2. Derive the master key and chain code.
3. Use the master key to derive child keys.
4. Understand and implement derivation paths.

### Structure of an HD Wallet
- **Mnemonic**: A human-readable set of words that encodes the entropy.
- **Seed**: A 512-bit value derived from the mnemonic and an optional passphrase.
- **Master Key & Chain Code**: The starting point for generating child keys in the hierarchy.
- **Derivation Path**: A structured path that determines how keys are derived at each level of the hierarchy.

---

## Step 1: Convert Mnemonic to Seed
The mnemonic phrase, along with an optional passphrase, is transformed into a 64-byte seed using the PBKDF2-HMAC-SHA512 algorithm. This seed is used as the basis for generating cryptographic keys in hierarchical deterministic (HD) wallets. Below is a detailed breakdown of the process and rationale:

### 1. Input Components
- **Mnemonic**: A sequence of 12, 15, 18, 21, or 24 words derived from BIP-39 word lists. This serves as the primary input.
- **Passphrase** (Optional): A user-defined string that enhances security by introducing additional entropy. If not provided, an empty string is used.
- **Salt**: The passphrase is combined with the fixed prefix string "mnemonic" to form the salt.
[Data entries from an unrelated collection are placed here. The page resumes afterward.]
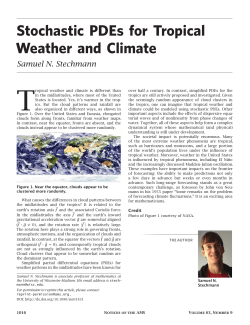 Stochastic PDEs for Tropical Weather and Climate Samuel N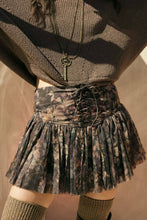 Load image into Gallery viewer, Wild Mocha Blooms Drop-Waist Lace-Up Pleated Mini Skort
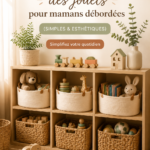 Un espace de jeu bien organisé avec des jouets rangés dans des bacs colorés.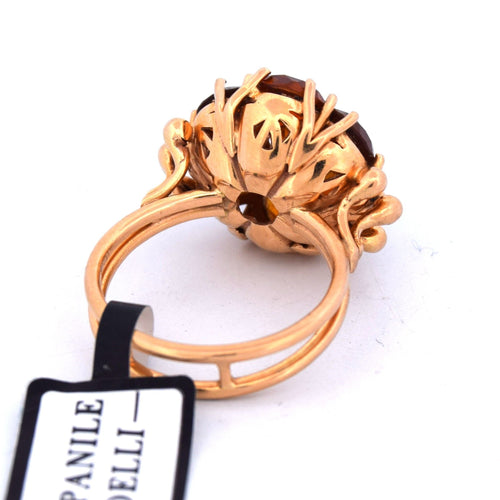 VINTAGE RING - 18 KT GULT GULL - KVARTS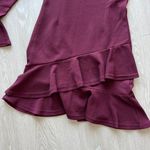 SheIn  Dress Maroon Red Bell Sleeve Tiered Ruffled Mini Photo 3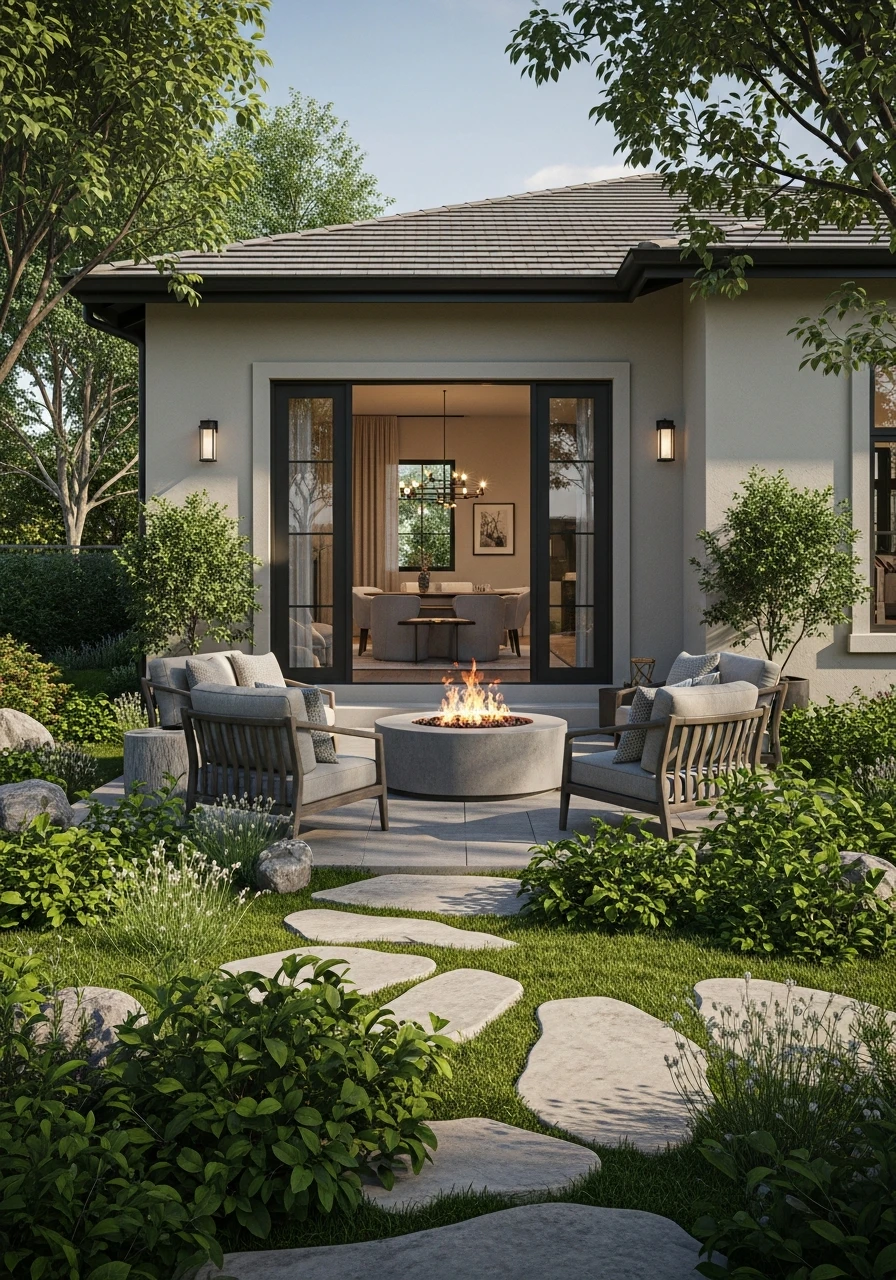 Backyard Garden With Integrated Fire Pit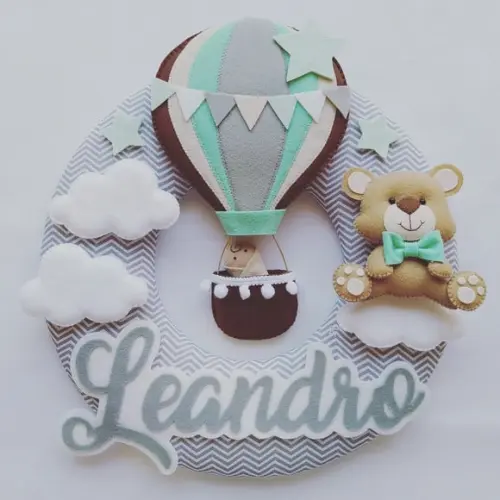 Guirlanda Porta de Maternidade Balão e Ursinho - Leandro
### 2. PBKDF2-HMAC-SHA512 Process

PBKDF2 (Password-Based Key Derivation Function 2) is a standard algorithm used to securely derive a cryptographic key from a password or mnemonic. It works as follows:
1. The algorithm uses HMAC-SHA512 as its hash function.
2. The mnemonic, encoded as UTF-8, is used as the primary input.
3. The salt, which is "mnemonic" concatenated with the optional passphrase, is also encoded as UTF-8.
4. The algorithm performs 2048 iterations of HMAC-SHA512, repeatedly hashing the input to strengthen the derived key.
5. The output is a fixed 64-byte (512-bit) seed.

### 3. Why PBKDF2-HMAC-SHA512?

The choice of PBKDF2-HMAC-SHA512 is driven by its ability to meet the following security and compatibility requirements:

**(a) Resistance to Brute-Force Attacks**
- PBKDF2 employs a computational delay by performing thousands of iterations, making brute-force attacks computationally expensive.
- In BIP-39, the number of iterations is fixed at 2048, balancing security and performance.

**(b) Key Stretching**
- Even if the mnemonic or passphrase is weak, the algorithm “stretches” its entropy, producing a stronger output.

**(c) Standardized and Reliable**
- PBKDF2 is widely adopted in cryptographic systems and follows the RFC 2898 standard, ensuring interoperability and reliability.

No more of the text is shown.